# Total Thyroidectomy in August, are my numbers ok?



## Mamaof4 (Jul 8, 2014)

Blood taken on 7/15 at approximately 10:30am
TSH-0.48
Free T4-0.71
T3, Total-100

Blood taken on 5/15 at approximately 2:45pm
TSH-0.61

Surgeon strongly suggested total thyroidectomy due to early stage multinodular goiter and a large cyst, that he suspected would only grow larger and I'm only 30. What could I expect post surgery with these numbers?


----------



## joplin1975 (Jul 21, 2011)

Do you have the ranges for those labs, please?

And, just to clarify, you are scheduled to have a TT in August? Yes? Are you on any meds now?


----------



## Mamaof4 (Jul 8, 2014)

TSH .34-5.6 (.48)
Free T4 .6-1.3 (.71)
T3, Total 90-180 (100)

Scheduled for a TT on August 20, currently on no meds.


----------



## Lovlkn (Dec 20, 2009)

You are currently hypo - If they start you on replacement prior to surgery it will need to be adjusted post TT.

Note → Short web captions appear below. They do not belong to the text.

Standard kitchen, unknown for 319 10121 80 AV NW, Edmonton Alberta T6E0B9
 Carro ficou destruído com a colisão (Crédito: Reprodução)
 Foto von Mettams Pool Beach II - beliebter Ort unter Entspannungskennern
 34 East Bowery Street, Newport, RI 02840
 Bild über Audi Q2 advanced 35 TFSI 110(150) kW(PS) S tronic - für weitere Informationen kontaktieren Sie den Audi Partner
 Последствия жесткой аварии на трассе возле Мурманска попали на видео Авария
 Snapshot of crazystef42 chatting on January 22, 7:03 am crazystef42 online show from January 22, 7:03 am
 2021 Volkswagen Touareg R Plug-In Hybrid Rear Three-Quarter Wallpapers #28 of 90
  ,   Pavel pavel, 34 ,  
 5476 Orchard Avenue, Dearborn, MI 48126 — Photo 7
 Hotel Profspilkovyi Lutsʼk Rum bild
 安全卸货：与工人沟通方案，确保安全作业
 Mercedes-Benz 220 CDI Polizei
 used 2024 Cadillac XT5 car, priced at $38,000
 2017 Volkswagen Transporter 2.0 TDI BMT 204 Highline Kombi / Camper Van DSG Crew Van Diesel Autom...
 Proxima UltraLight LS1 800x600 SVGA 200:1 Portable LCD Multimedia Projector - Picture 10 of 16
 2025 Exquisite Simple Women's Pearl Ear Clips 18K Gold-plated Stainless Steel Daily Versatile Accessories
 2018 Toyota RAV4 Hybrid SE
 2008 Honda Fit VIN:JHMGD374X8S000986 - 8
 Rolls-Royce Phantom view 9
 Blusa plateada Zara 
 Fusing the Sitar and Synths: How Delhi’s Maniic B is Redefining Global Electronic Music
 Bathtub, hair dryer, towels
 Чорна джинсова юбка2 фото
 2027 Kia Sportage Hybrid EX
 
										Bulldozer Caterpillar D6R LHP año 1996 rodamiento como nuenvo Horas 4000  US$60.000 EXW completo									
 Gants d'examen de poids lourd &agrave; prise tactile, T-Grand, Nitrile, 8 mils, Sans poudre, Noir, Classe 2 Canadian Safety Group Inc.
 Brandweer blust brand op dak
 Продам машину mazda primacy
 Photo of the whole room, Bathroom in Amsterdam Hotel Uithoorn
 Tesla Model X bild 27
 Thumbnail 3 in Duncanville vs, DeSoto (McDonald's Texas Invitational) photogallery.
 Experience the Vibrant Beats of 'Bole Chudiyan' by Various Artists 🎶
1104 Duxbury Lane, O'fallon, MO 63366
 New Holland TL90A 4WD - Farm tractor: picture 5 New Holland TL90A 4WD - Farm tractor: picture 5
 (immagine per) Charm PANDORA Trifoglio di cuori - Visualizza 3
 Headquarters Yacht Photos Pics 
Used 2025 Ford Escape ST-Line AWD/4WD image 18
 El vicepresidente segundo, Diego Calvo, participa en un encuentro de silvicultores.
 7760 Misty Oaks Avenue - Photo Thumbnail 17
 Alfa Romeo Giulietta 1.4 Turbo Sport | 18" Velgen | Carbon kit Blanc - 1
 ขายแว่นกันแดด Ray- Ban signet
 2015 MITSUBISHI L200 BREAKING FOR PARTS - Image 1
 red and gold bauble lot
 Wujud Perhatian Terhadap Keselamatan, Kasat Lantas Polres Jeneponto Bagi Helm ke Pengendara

They will need to begin your replacement post TT within a day or 2 of your surgery. There will be some thyroid hormone dump during the removal.


----------



## Mamaof4 (Jul 8, 2014)

Thank you for responding, this is a whole new world to me. About two months ago I found a lump under my Adam's apple and had been experiencing crazy mood swings and exhaustion. I was scheduled right away for an ultra sound and then sent right to a surgeon. I have not spoken to anyone about my thyroid levels or what to expect after surgery. If my levels are this low now, what do you think I can expect after surgery as far as replacement of the hormones? Will I feel better if my levels are stabilized to average instead of low average? Could I see weight loss? More energy??


----------



## Lovlkn (Dec 20, 2009)

It will depend if it is cancer - did they do a fine needle aspiration?

If it is cancer, they may withhold replacement medication until you have a dose of RAI should they determine you need one.

You could ask for some Cytomel if this is the case so you do not completely crash.


----------



## joplin1975 (Jul 21, 2011)

Lovlkn is right that it really depends on what the diagnosis is when you are talking about the time frame immediately after surgery.

Long term? It really depends. There are a wide variety of medications in an even wider array of doses. It can take some time to figure out what meds you need and at what dose. Thyroid stuff can be frustrating because things change at a snail's pace. You have to wait six to eight weeks after you begin a new dose or medication to see if its right for you.

I think it took me about eight months to get labs that were considered "normal." During that time I did experience extreme fatigue, muscle and joint pain, headaches, and weight gain. Since the right dose for me has been found, I'm feeling awesome. I lost all the weight, have no pain, no fatigue and am feeling so much better than I was before surgery.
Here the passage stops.